Bignums in Haskell

Simon Marlow simonmar at microsoft.com
Wed Jun 22 04:35:36 EDT 2005


On 21 June 2005 22:52, John Meacham wrote:

> On Tue, Jun 21, 2005 at 03:48:44PM +0100, Simon Peyton-Jones wrote:
>> 
>>>>> Do any of you have insight into why GHC uses GMP as opposed to
>>>>> another library for arbitrary precision numbers?
>>>> 
>> ...
>>> 
>>> Right - that's three reasons to use it.  Some reasons *not* to use
>>> it are: it has an awkward license, it's big, it needs updating, and
>>> we run into problems when the Haskell program wants to use GMP
>>> itself via the FFI (it's possible by essentially renaming
>>> everything in our local copy of GMP so it doesn't conflict, but we
>>> haven't done that). 
>> 
>> In fact, we have long wanted to replace GMP with another library for
>> exactly these reasons.  It's a nice, well-specified, self-contained
>> project, which is just waiting for someone to step up and do it.  Of
>> course, we'd only want to replace GMP if the alternative was also
>> fast and reliable. 
>> 
>> If anyone is interested in tackling this, let us know!
> 
> I wonder if it would be feasable to implement arbitrary precision
> integers in pure haskell. unboxed values would probably want to be
> used in some places for speed and it would be very motivating to
> improve ghc's optimizer. There should be no reason manually unboxed
> haskell code should compile slower than C.
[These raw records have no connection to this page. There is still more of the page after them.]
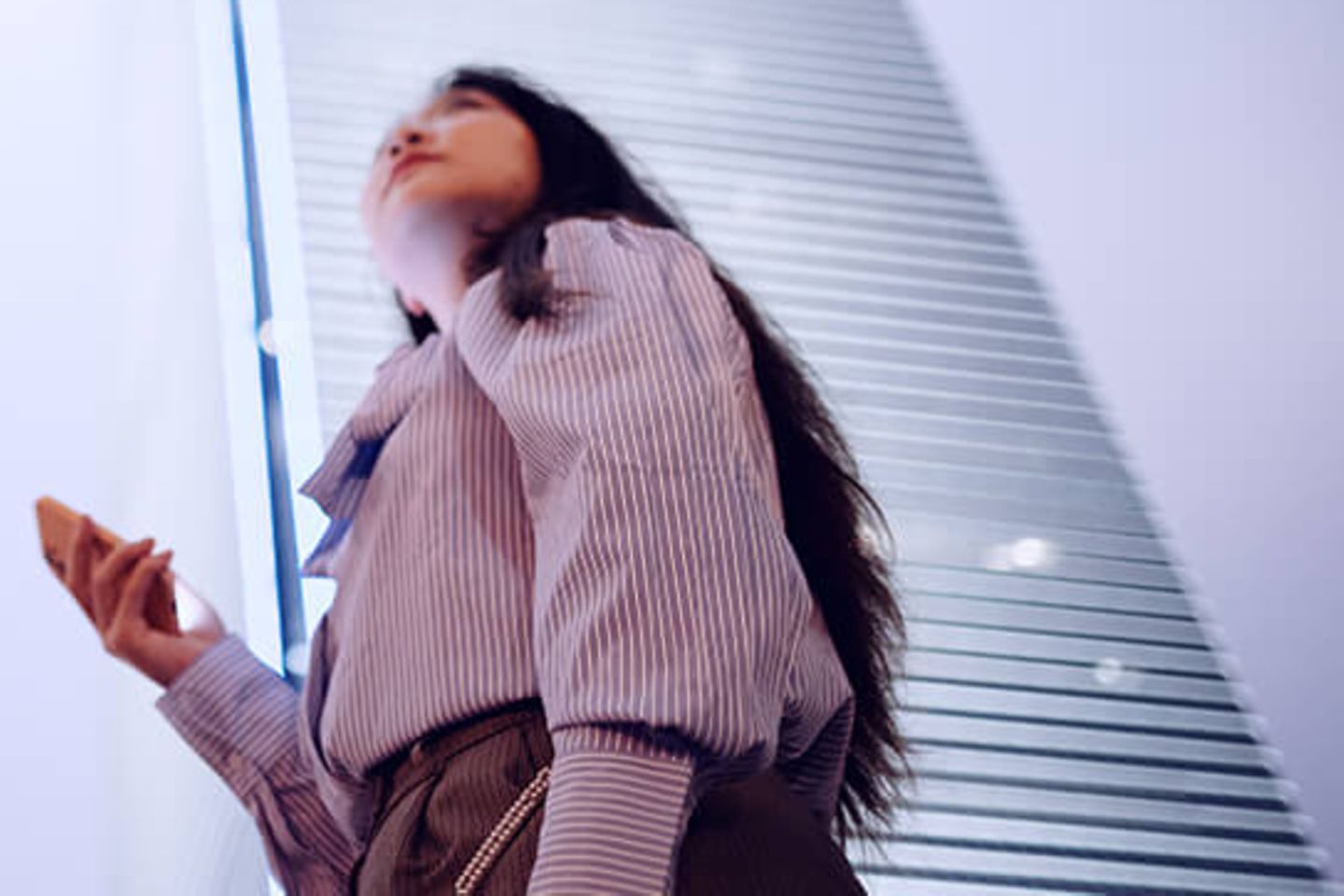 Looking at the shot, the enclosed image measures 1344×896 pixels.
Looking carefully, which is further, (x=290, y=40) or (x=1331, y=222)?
(x=290, y=40)

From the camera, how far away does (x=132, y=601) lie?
0.84m

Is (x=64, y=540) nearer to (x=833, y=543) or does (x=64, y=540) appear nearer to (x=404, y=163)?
(x=404, y=163)

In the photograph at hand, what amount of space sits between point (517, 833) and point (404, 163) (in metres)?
0.61

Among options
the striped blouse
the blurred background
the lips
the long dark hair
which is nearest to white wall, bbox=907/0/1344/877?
the blurred background

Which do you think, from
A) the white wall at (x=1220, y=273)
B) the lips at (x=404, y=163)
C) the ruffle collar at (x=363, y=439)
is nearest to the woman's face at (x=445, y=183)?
the lips at (x=404, y=163)

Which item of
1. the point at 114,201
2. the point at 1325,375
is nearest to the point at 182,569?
the point at 114,201

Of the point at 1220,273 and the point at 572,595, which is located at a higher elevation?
the point at 572,595

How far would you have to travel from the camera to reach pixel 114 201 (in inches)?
52.8

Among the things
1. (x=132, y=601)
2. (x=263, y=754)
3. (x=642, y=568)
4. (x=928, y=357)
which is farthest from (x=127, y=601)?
(x=928, y=357)

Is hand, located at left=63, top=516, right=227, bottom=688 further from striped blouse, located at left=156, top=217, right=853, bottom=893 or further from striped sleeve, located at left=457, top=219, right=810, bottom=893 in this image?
striped sleeve, located at left=457, top=219, right=810, bottom=893

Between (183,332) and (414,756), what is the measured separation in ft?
2.80

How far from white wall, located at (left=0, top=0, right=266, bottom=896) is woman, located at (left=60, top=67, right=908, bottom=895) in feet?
0.54

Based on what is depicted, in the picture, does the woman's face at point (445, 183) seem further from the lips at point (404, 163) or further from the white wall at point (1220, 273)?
the white wall at point (1220, 273)

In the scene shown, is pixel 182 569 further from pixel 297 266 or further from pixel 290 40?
pixel 290 40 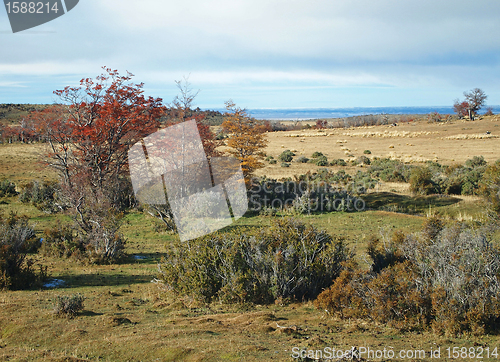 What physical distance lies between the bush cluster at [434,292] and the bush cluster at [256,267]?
34.4 inches

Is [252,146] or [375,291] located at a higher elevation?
[252,146]

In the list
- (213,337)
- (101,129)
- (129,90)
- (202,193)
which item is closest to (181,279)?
(213,337)

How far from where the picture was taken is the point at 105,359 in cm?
474

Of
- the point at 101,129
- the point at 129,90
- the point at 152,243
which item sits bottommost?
the point at 152,243

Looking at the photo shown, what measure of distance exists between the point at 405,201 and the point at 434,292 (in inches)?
619

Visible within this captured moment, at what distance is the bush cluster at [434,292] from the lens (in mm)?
5676

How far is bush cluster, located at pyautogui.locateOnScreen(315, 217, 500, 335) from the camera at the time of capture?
223 inches

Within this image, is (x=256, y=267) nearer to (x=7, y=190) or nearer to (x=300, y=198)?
(x=300, y=198)

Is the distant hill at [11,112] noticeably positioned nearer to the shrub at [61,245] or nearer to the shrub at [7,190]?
the shrub at [7,190]

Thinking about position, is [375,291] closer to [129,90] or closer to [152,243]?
[152,243]

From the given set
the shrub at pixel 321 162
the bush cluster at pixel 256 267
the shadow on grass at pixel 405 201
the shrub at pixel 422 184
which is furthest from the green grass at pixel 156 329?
the shrub at pixel 321 162

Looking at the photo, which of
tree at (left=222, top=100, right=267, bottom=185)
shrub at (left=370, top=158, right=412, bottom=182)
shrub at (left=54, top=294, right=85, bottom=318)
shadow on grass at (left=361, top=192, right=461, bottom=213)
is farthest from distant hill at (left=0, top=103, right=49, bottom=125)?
shrub at (left=54, top=294, right=85, bottom=318)

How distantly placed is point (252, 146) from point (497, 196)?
→ 14411 mm

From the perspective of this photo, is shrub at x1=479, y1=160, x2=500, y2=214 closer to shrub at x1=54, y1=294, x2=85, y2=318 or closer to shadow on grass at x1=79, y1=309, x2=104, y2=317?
shadow on grass at x1=79, y1=309, x2=104, y2=317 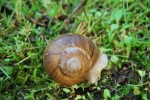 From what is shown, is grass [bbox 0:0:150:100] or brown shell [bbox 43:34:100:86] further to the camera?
grass [bbox 0:0:150:100]

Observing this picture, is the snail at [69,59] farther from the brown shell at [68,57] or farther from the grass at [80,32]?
the grass at [80,32]

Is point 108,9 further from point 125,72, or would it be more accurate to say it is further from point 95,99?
point 95,99

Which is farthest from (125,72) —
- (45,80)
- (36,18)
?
(36,18)

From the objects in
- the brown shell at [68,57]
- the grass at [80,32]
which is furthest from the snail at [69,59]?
the grass at [80,32]

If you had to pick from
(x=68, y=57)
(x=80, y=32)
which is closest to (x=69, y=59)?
(x=68, y=57)

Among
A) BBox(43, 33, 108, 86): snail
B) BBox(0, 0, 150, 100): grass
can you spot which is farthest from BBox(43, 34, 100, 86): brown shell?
BBox(0, 0, 150, 100): grass

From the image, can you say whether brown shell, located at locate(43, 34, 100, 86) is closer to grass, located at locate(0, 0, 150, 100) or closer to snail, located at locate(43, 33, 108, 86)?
snail, located at locate(43, 33, 108, 86) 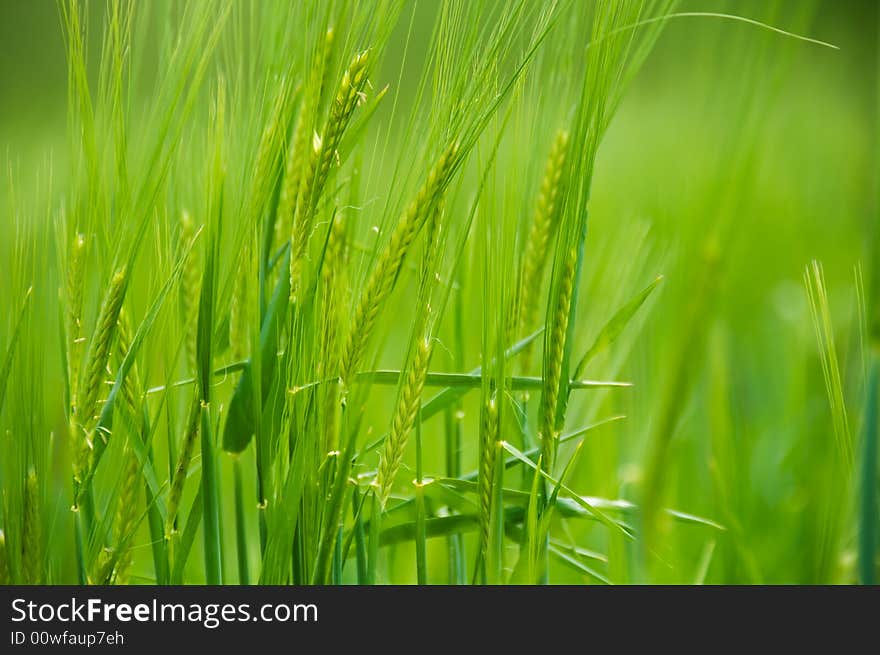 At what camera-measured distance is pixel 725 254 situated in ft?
0.80

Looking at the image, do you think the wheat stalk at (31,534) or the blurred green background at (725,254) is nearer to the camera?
the blurred green background at (725,254)

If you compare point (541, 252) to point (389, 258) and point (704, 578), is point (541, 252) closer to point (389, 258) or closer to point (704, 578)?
point (389, 258)

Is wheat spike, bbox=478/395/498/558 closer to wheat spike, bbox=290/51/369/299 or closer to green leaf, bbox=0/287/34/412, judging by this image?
wheat spike, bbox=290/51/369/299

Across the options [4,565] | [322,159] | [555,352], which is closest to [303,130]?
[322,159]

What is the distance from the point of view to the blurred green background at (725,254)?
0.87 feet

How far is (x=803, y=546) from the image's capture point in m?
0.56

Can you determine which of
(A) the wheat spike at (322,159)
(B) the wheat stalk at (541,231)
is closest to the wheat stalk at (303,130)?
(A) the wheat spike at (322,159)

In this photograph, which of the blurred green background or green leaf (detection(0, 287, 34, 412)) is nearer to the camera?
the blurred green background

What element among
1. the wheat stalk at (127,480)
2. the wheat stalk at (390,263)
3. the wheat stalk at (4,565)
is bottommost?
the wheat stalk at (4,565)

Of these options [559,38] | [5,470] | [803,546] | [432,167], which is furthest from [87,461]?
[803,546]

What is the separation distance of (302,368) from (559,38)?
0.70 ft

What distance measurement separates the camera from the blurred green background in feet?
0.87

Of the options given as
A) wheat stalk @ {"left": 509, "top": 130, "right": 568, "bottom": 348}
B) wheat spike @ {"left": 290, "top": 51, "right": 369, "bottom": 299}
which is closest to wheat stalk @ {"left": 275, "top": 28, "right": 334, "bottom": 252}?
wheat spike @ {"left": 290, "top": 51, "right": 369, "bottom": 299}

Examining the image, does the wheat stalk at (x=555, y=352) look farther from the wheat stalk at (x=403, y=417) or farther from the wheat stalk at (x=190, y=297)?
the wheat stalk at (x=190, y=297) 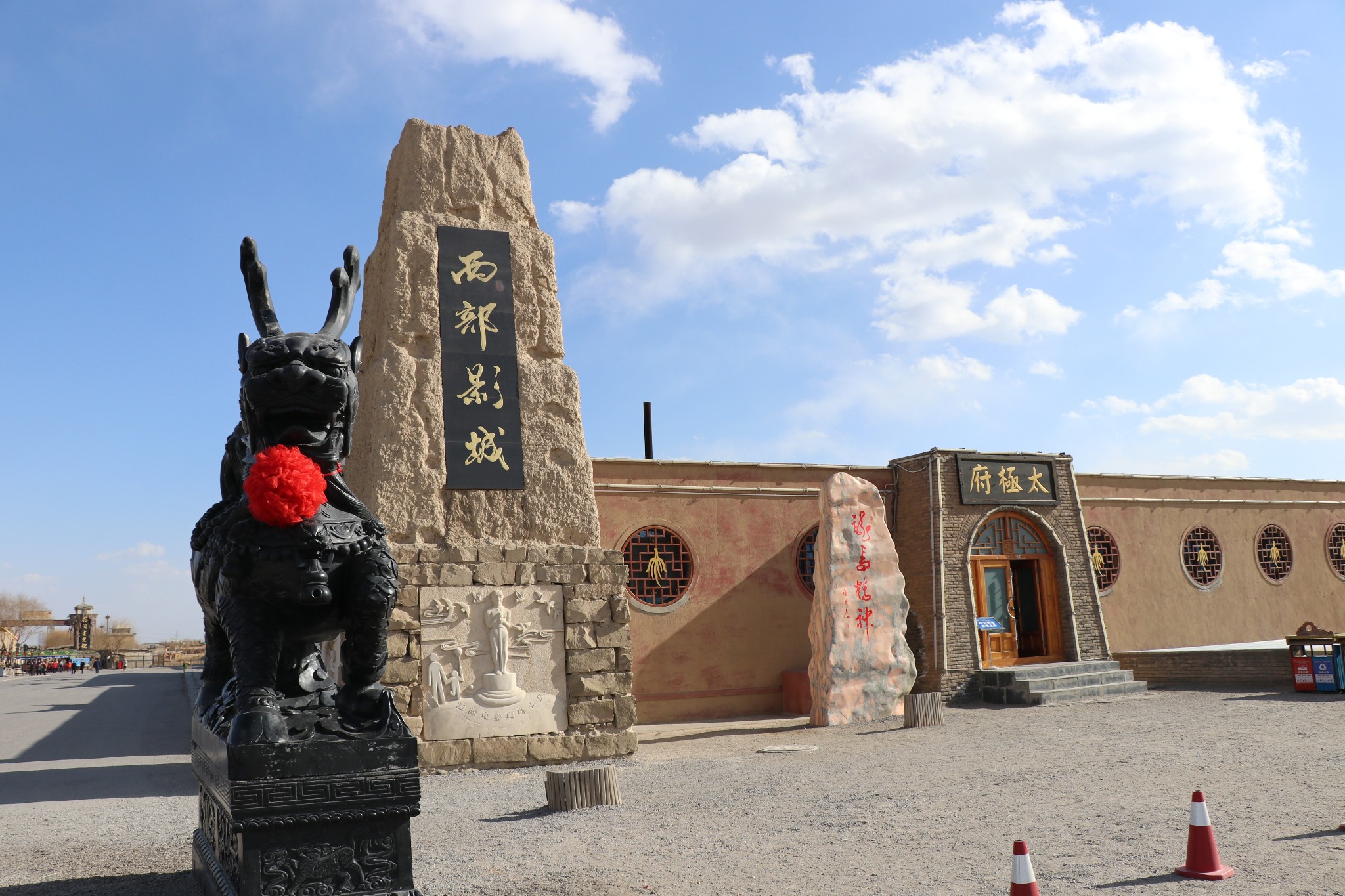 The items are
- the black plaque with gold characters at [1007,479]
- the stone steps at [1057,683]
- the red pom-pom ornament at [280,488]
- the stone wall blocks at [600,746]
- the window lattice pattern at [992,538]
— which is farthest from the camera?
the window lattice pattern at [992,538]

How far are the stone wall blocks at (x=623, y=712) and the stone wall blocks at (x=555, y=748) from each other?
45 cm

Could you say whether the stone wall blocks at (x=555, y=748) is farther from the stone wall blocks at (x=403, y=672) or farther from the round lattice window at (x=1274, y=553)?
the round lattice window at (x=1274, y=553)

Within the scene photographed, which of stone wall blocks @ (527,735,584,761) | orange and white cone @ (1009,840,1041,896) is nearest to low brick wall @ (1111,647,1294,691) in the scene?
stone wall blocks @ (527,735,584,761)

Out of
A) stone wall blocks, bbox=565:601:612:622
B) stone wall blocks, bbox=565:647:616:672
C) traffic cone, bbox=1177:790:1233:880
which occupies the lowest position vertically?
traffic cone, bbox=1177:790:1233:880

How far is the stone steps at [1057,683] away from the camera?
45.7ft

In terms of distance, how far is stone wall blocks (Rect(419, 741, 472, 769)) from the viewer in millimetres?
9172

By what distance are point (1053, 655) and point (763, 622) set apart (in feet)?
16.6

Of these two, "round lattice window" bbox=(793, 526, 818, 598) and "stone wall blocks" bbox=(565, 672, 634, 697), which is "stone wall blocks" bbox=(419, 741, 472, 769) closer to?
"stone wall blocks" bbox=(565, 672, 634, 697)

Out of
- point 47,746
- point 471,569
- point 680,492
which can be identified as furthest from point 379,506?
point 47,746

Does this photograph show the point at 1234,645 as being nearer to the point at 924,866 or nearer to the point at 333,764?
the point at 924,866

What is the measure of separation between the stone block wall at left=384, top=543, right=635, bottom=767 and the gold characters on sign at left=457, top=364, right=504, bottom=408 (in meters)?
1.55

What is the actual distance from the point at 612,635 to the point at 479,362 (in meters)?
3.27

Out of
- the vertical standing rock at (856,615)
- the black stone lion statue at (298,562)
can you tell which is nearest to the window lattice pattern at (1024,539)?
the vertical standing rock at (856,615)

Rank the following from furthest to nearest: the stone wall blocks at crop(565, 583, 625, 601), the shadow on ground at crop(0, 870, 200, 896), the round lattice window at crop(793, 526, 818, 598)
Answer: the round lattice window at crop(793, 526, 818, 598) < the stone wall blocks at crop(565, 583, 625, 601) < the shadow on ground at crop(0, 870, 200, 896) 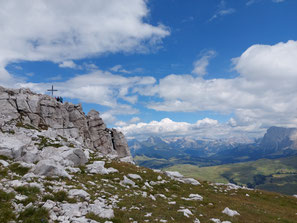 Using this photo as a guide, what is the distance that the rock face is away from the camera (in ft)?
138

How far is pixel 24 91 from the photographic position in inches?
2178

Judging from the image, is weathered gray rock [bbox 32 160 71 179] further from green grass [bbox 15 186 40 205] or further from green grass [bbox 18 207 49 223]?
green grass [bbox 18 207 49 223]

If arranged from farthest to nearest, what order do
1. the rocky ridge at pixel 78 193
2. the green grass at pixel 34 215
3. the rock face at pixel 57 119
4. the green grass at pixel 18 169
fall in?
the rock face at pixel 57 119
the green grass at pixel 18 169
the rocky ridge at pixel 78 193
the green grass at pixel 34 215

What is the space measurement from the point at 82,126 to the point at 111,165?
1555 inches

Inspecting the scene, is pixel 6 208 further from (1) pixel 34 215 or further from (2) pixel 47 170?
(2) pixel 47 170

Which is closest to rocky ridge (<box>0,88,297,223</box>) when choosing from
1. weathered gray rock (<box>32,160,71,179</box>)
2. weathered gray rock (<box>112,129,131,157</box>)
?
weathered gray rock (<box>32,160,71,179</box>)

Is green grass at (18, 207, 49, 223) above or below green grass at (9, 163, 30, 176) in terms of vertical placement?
below

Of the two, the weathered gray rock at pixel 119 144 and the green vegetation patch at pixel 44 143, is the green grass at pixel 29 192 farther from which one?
the weathered gray rock at pixel 119 144

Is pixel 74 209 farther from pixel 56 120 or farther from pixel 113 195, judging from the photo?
pixel 56 120

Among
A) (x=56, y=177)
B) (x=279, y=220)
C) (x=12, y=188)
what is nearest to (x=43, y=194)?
(x=12, y=188)

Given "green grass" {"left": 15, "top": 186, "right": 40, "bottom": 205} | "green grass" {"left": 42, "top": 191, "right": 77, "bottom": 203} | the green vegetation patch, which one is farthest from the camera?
the green vegetation patch

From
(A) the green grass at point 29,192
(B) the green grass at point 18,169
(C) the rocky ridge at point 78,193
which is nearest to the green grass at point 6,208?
(C) the rocky ridge at point 78,193

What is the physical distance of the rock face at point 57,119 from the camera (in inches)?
1651

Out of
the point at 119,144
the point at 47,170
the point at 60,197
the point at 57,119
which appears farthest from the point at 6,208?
the point at 119,144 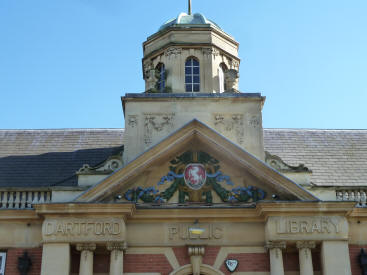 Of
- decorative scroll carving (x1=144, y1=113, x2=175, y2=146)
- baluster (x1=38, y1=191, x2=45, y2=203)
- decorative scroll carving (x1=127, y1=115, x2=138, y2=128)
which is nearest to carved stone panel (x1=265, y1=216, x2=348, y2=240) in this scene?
decorative scroll carving (x1=144, y1=113, x2=175, y2=146)

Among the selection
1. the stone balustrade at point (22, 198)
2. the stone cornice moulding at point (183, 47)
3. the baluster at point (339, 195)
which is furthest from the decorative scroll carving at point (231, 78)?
the stone balustrade at point (22, 198)

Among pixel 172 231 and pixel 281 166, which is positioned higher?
pixel 281 166

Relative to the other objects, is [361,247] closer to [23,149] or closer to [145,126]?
[145,126]

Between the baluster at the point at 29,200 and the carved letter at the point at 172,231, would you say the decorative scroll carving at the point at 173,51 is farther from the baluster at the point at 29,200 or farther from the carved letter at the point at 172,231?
the baluster at the point at 29,200

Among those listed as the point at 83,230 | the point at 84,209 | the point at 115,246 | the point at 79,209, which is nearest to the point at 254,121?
the point at 115,246

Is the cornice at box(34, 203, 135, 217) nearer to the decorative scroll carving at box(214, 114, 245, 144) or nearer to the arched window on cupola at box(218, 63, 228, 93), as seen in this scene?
the decorative scroll carving at box(214, 114, 245, 144)

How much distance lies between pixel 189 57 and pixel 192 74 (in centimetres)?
79

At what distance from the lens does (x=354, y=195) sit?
2036cm

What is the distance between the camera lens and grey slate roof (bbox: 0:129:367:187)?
23.4 meters

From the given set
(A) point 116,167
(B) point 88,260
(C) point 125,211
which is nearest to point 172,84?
(A) point 116,167

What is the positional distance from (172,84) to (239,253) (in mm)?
7576

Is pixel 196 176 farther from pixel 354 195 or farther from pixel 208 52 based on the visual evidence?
pixel 208 52

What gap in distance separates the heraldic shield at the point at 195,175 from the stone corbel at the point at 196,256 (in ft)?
6.45

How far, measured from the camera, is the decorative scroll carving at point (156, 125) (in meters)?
21.1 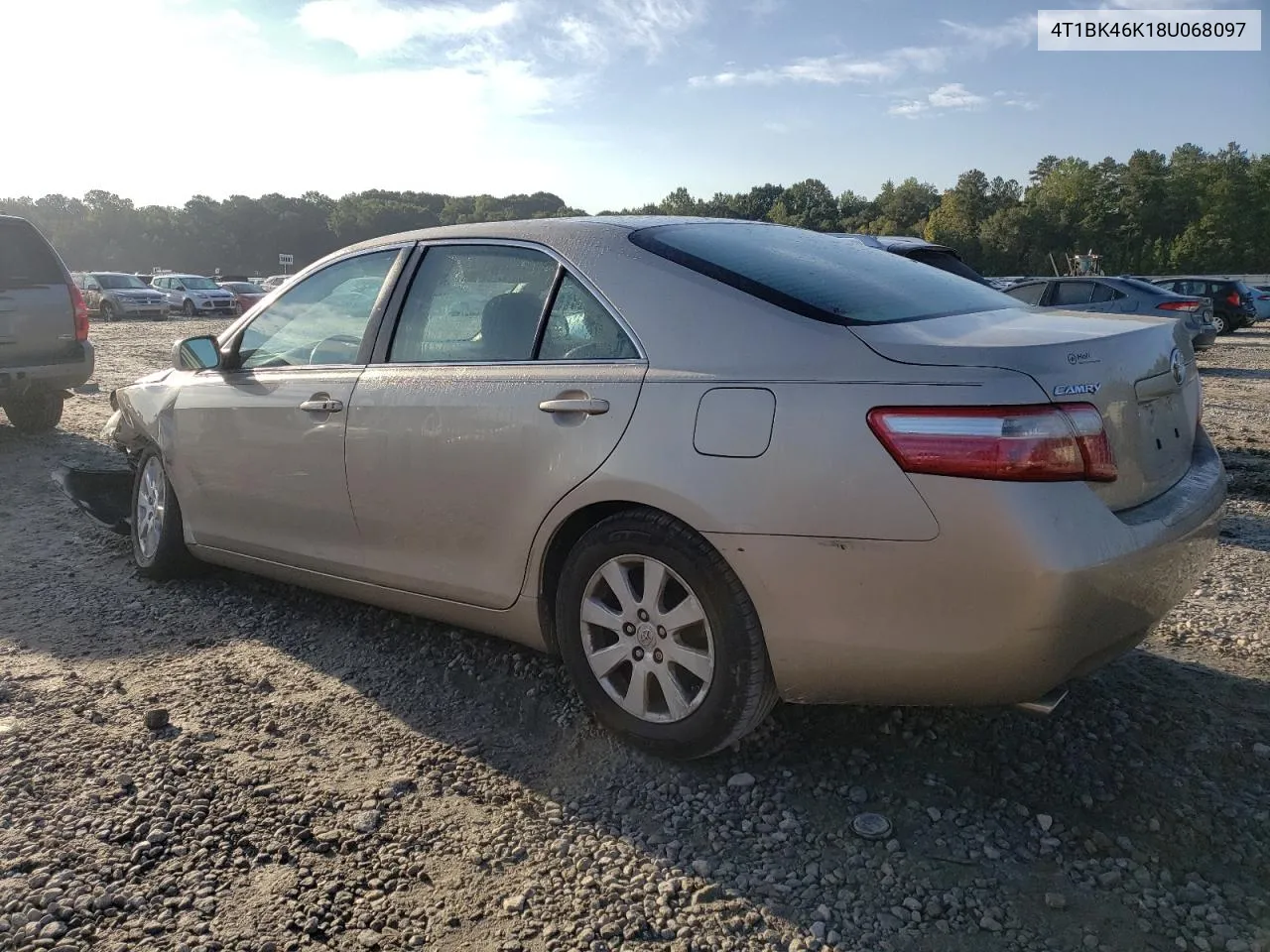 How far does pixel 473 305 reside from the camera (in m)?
3.47

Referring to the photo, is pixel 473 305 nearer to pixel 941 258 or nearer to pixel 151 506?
pixel 151 506

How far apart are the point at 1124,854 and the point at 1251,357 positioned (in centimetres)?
2002

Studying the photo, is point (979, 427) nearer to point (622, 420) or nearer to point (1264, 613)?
point (622, 420)

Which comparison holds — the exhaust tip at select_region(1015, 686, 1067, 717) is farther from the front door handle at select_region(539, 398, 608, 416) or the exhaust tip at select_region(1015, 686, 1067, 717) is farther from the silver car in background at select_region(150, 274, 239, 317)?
the silver car in background at select_region(150, 274, 239, 317)

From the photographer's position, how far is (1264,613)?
4027mm

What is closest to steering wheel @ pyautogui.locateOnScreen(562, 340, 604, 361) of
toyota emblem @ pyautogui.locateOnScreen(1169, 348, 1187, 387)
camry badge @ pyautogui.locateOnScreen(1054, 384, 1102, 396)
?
camry badge @ pyautogui.locateOnScreen(1054, 384, 1102, 396)

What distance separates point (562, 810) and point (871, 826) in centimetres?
84

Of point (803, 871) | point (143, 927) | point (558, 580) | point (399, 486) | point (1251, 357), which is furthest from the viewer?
point (1251, 357)

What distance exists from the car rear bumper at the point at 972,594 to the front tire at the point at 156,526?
309 centimetres

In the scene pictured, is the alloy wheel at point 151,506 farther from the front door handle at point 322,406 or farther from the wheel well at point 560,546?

GHC currently lacks some of the primitives that you'd need to build an
efficient bignum library (eg. add with carry), but you could add these.
Also, the fact that GMP contains hand-tuned assembly versions of several
operations makes me skeptical that you could get the same performance
from GHC-compiled Haskell.  However, getting close might be good enough.